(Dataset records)
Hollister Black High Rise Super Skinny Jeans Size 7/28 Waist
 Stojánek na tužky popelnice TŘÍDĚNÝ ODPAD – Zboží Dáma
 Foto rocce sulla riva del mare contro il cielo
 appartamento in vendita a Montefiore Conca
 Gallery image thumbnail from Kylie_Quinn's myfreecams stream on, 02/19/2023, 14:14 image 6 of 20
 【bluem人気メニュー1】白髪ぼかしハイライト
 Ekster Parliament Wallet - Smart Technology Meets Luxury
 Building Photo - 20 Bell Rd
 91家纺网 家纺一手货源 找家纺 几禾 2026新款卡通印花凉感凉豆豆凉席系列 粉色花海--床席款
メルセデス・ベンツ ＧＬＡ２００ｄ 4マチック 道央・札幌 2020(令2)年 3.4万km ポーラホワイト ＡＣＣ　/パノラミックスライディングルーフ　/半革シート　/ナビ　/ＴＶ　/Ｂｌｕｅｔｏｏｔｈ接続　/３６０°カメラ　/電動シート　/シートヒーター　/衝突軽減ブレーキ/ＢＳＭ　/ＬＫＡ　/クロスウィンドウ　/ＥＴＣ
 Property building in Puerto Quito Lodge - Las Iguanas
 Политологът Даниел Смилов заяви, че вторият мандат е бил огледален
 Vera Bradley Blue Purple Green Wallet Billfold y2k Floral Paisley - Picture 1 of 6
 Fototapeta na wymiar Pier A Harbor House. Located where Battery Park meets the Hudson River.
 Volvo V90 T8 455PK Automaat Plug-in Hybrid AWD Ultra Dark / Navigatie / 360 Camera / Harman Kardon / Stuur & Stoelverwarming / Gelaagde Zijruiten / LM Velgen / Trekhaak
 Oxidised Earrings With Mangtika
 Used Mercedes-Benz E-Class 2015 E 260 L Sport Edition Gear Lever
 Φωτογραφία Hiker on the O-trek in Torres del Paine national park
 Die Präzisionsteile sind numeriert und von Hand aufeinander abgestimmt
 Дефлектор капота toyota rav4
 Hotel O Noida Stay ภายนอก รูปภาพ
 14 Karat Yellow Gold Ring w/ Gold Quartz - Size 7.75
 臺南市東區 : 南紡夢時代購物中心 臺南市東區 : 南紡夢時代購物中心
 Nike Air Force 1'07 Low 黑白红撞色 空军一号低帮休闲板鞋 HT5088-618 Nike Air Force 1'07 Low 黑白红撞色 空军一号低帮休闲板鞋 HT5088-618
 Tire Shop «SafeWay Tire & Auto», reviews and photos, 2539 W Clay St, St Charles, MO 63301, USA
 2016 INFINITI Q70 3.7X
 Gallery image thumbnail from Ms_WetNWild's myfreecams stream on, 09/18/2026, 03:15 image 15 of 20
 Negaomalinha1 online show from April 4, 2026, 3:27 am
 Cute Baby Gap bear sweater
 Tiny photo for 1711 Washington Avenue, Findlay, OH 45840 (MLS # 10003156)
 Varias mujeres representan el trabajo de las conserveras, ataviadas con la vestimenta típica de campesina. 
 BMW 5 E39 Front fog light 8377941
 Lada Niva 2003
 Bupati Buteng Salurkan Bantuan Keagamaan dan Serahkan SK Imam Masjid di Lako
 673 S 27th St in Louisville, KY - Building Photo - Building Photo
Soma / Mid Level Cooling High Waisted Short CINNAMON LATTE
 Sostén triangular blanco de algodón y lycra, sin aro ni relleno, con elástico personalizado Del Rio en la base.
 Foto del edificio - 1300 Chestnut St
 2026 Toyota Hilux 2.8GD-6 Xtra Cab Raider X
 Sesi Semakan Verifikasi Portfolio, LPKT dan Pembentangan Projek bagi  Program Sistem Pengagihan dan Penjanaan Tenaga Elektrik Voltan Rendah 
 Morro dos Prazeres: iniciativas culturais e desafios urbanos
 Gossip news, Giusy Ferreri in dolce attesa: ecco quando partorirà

• [Exercise prompt]:
Scan the data above for the word "Size", then copy every line that holds it.

• [Solution to this task]:
Hollister Black High Rise Super Skinny Jeans Size 7/28 Waist
 14 Karat Yellow Gold Ring w/ Gold Quartz - Size 7.75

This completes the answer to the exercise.